Rights chief Zeid Raad al-Hussein urged the countries to investigate whether troops they later assigned to UN missions sexually abused children. A six-page UN report details the alleged abuse by troops from France, Chad and Equatorial Guinea between December 2013 and June 2014 at a center for displaced people at M'Poko airport in the Central African Republic (CAR) capital, Bangui.
"In the wake of the revelations of alleged serious sexual abuse of children, currently under investigation by the French authorities, my office has taken a deeper look into these issues and the extent of the follow-up into alleged serious violations," Hussein said in a statement.
"Some of these incidents have been at least partly investigated, and some states have apparently sanctioned some of the soldiers involved." He added: "It is important to do a thorough review of what happened in the past, but also to drive home the message that there must be no repetition of these dreadful acts now or in the future."
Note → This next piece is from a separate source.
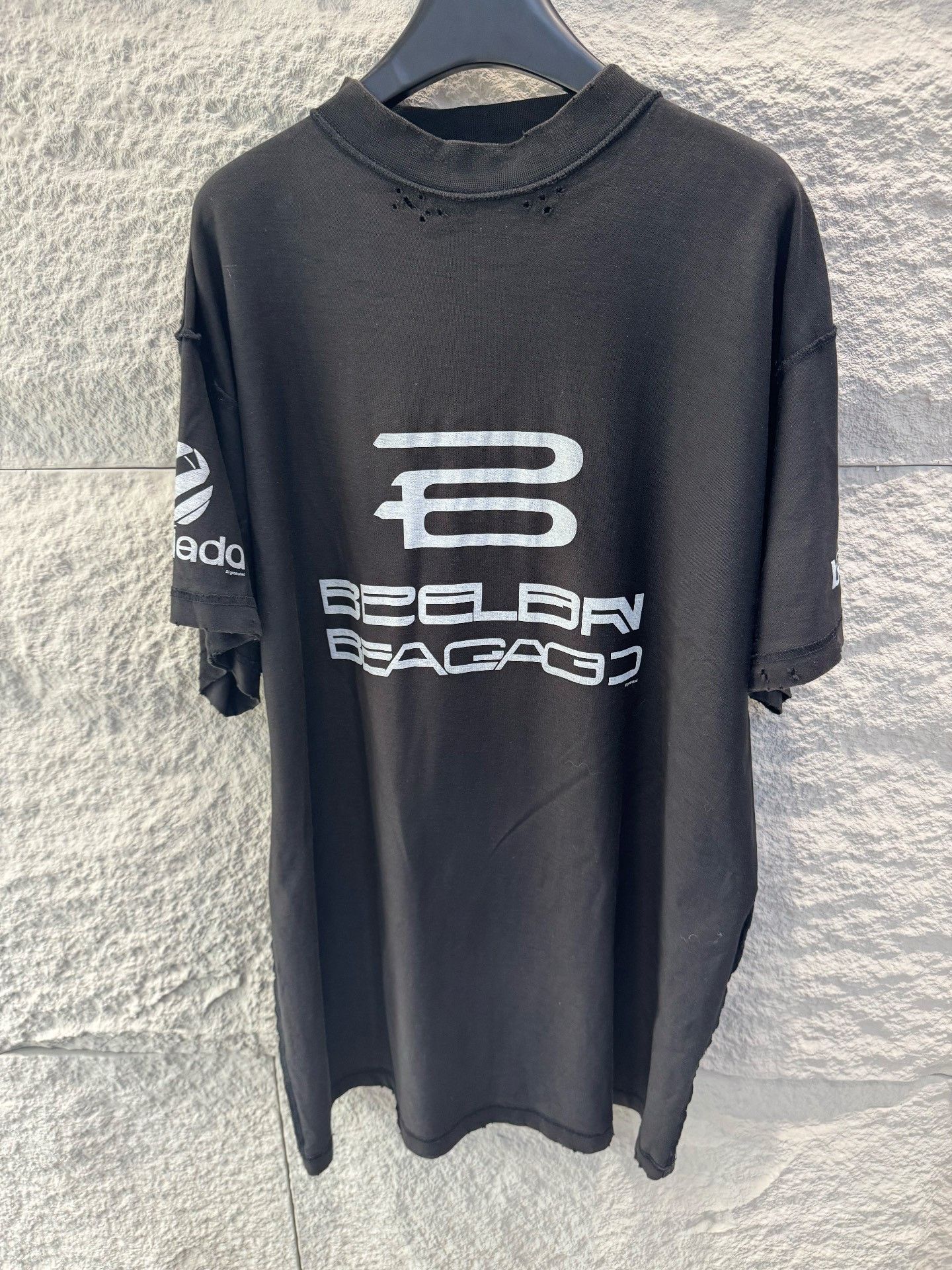 Balenciaga Balenciaga AI Generated Distressed T-Shirt Size S Size US S / EU 44-46 / 1 - 2 Thumbnail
The United Nations has also launched an internal investigation into its handling of the allegations. The UN apparently has no specific guidelines on how to handle accusations of child sexual abuse and no requirement for immediate, mandatory reporting.
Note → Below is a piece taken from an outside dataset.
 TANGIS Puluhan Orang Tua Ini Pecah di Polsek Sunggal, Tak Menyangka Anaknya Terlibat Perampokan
France intervened in former colony CAR 19 months ago amid fighting between Christian and Muslim militias and started withdrawing its 2,000 troops this year, handing over to UN peacekeepers.
The United Nations has come under fire for its slow response after preparing its initial 2014 report on the allegations. UN officials only began talking openly about the issue a month ago, after an article on the allegations appeared in Britain's Guardian newspaper. However, UN investigators had heard the stories of sexual abuse from several boys back in May and June 2014.
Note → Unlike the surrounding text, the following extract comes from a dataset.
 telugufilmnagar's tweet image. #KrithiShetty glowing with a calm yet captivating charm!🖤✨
"There must be accountability for serious crimes, no matter who commits them," Hussein said Saturday.
On Friday, the non-governmental organization AIDS-Free World released new documents that bolstered the case for an independent investigation. The new evidence seems to show that UN officials did not move quickly to support France's inquiry into the allegations and had instead devoted resources to vetting the human rights staffer who blew the whistle.
Stephane Dujarric, the spokesman for UN Secretary-General Ban Ki-moon, told reporters that the documents "may or may not be authentic," adding that Ban had only recently heard the allegations himself.
Children have also been forced to fight in CAR.